Like swiftcoder said, just throwing a quaternion or two into the mix won't prevent gimbal lock. In fact, you can think of quaternions as being functionally equivalent to matrices as far as rotations are concerned. (Obviously there are differences, or else no one would bother with quaternions; however, the differences have more to do with efficiency and elegance than they do with fundamental behavior.)
Quote:
 I've tried accumulating Quaternions: I took Euler Angles in, immediately converted them to a Quaternion, then multiplied the Camera's internal Quaternion by the newly created one, thus adding the new rotation to the current.But extremely quickly, I get bleed over into another axis, and my camera begins to roll, when it should only be pitching & yawing.
It sounds like you were implementing 6DOF motion here, which behaves exactly as you describe; that is, accumulated pitch and yaw will (usually) result in perceived roll.

I think the real question here is what kind of motion you want. If you only want pitch and yaw, then 'from scratch' Euler angles should work fine, and gimbal lock should not be a concern.

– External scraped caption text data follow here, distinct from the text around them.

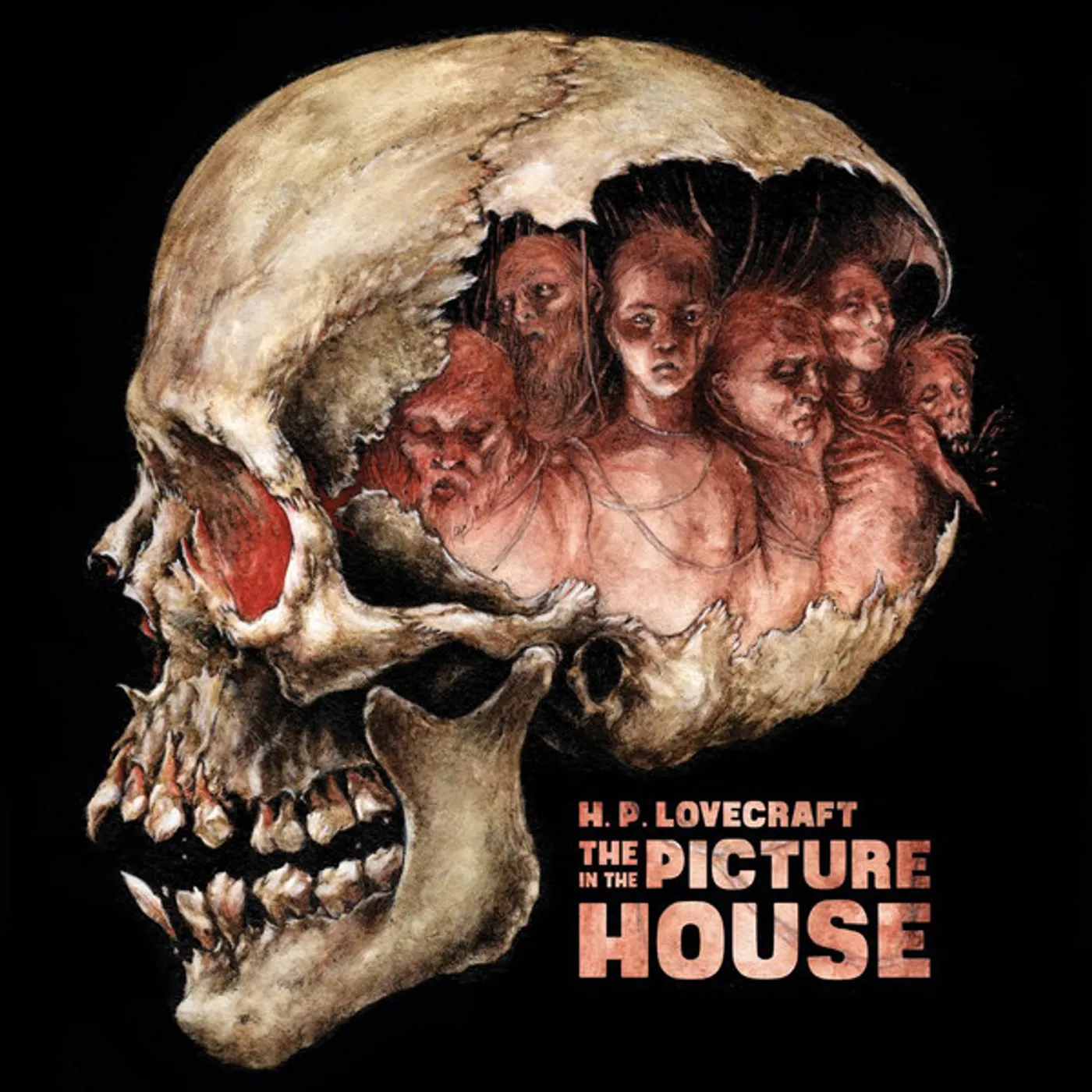 H.P. Lovecraft / Fabio Frizzi PICTURE IN THE HOUSE Vinyl Record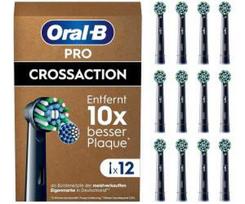 Oral-B Oral-B Pro CrossAction Brush Heads 12 Pack Frustration-Free Packaging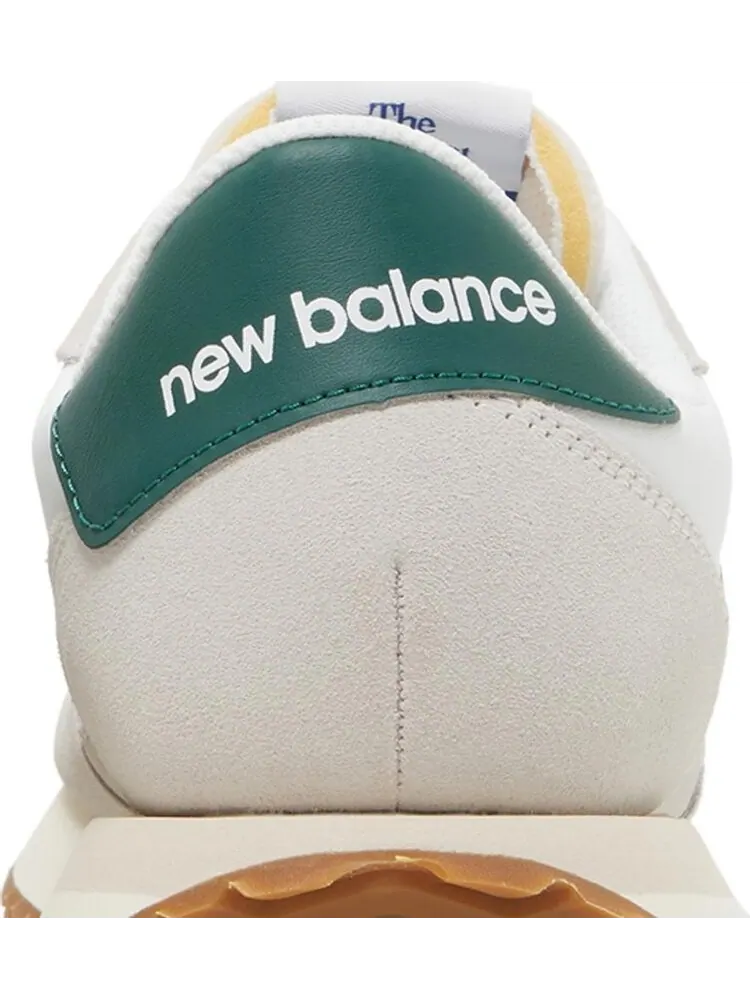 Кроссовки New Balance 237 'Cloud Grey Night Green' — изображение 7 из 8, серый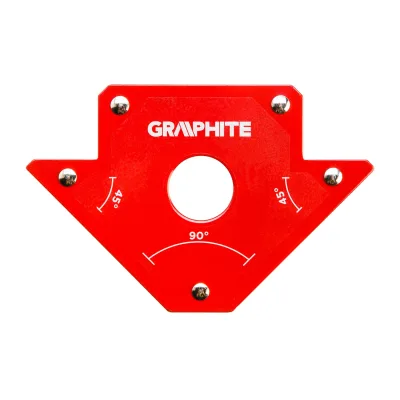 GRAPHITE Hegesztőmágnes 102x155x17mm hegesztéstartozék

As for the 'look at' function, a typical implementation will compute the orientation using vector cross products rather than axis-angle rotations. However, this method will still fail when looking more or less straight along the reference axis. This has to be handled as a special case with any method though, simply because if the target is directly above or below the viewer, there's no unique orientation that will satisfy the constraints.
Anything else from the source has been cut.